Below are lines of data, and only some are wanted. Please repeat exactly those from the line that has "ANGELO LITRICO Mens" through the line that has "Jack Rodgers Leather".

Records for this exercise: Begin

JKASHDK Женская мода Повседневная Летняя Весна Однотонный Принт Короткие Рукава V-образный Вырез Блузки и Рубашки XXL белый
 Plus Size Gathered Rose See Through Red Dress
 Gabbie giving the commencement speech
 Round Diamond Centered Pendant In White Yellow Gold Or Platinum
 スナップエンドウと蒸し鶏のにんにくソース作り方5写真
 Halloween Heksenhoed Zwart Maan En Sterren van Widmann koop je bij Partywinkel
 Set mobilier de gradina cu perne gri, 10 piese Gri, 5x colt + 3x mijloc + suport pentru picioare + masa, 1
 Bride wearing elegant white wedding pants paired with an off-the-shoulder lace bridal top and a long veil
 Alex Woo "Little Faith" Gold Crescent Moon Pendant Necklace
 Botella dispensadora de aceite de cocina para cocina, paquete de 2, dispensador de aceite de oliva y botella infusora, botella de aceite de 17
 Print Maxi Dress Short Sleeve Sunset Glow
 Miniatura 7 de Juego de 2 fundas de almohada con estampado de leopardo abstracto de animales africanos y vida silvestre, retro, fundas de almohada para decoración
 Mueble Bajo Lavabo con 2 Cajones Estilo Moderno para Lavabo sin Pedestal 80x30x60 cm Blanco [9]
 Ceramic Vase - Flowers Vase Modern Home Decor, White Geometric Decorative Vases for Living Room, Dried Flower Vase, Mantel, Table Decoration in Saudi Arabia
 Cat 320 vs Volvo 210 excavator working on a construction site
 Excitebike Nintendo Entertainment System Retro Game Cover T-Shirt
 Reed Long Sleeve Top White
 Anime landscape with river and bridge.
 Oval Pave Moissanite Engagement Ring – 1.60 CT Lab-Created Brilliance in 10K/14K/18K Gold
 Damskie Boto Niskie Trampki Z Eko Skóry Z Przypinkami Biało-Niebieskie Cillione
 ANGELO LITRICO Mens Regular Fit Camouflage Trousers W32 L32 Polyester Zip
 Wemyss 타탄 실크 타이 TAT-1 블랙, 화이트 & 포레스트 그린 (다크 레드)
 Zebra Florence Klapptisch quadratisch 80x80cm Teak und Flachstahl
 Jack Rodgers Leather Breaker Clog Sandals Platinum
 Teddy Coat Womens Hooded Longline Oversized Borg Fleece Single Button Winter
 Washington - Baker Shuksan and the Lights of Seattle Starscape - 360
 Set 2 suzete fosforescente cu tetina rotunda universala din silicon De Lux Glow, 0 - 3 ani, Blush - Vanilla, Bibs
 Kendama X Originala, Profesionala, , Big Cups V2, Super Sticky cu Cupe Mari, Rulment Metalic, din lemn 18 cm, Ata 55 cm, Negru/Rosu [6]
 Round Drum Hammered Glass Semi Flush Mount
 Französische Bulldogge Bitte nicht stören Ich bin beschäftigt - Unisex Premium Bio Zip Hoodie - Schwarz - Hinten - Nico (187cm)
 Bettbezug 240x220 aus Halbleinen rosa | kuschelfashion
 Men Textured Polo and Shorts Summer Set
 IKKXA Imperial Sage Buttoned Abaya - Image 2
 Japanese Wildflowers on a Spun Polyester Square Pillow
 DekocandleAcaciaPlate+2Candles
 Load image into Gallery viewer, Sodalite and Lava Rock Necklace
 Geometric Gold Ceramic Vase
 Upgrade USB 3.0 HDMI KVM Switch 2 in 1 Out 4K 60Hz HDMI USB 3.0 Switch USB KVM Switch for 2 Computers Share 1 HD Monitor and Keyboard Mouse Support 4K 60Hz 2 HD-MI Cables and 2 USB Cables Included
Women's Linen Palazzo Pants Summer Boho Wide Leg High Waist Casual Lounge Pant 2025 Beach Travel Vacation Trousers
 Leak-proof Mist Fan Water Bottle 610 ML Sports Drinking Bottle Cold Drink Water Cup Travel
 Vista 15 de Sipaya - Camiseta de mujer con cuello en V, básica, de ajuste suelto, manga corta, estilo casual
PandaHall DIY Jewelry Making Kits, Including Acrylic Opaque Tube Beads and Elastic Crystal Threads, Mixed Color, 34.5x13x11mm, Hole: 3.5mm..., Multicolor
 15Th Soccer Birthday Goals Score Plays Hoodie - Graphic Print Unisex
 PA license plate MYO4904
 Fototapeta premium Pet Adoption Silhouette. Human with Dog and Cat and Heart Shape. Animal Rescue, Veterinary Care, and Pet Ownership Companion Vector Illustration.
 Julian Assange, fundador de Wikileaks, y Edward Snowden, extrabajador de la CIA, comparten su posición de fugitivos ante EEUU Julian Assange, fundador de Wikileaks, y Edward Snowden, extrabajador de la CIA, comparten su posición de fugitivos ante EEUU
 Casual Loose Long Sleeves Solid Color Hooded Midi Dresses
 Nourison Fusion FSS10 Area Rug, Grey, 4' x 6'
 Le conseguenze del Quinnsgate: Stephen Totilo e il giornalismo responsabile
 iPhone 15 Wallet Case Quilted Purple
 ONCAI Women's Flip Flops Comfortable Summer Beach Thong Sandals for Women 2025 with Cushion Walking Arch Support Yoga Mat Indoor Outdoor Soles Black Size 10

Records for this exercise: End

Exercise solution –
 ANGELO LITRICO Mens Regular Fit Camouflage Trousers W32 L32 Polyester Zip
 Wemyss 타탄 실크 타이 TAT-1 블랙, 화이트 & 포레스트 그린 (다크 레드)
 Zebra Florence Klapptisch quadratisch 80x80cm Teak und Flachstahl
 Jack Rodgers Leather Breaker Clog Sandals Platinum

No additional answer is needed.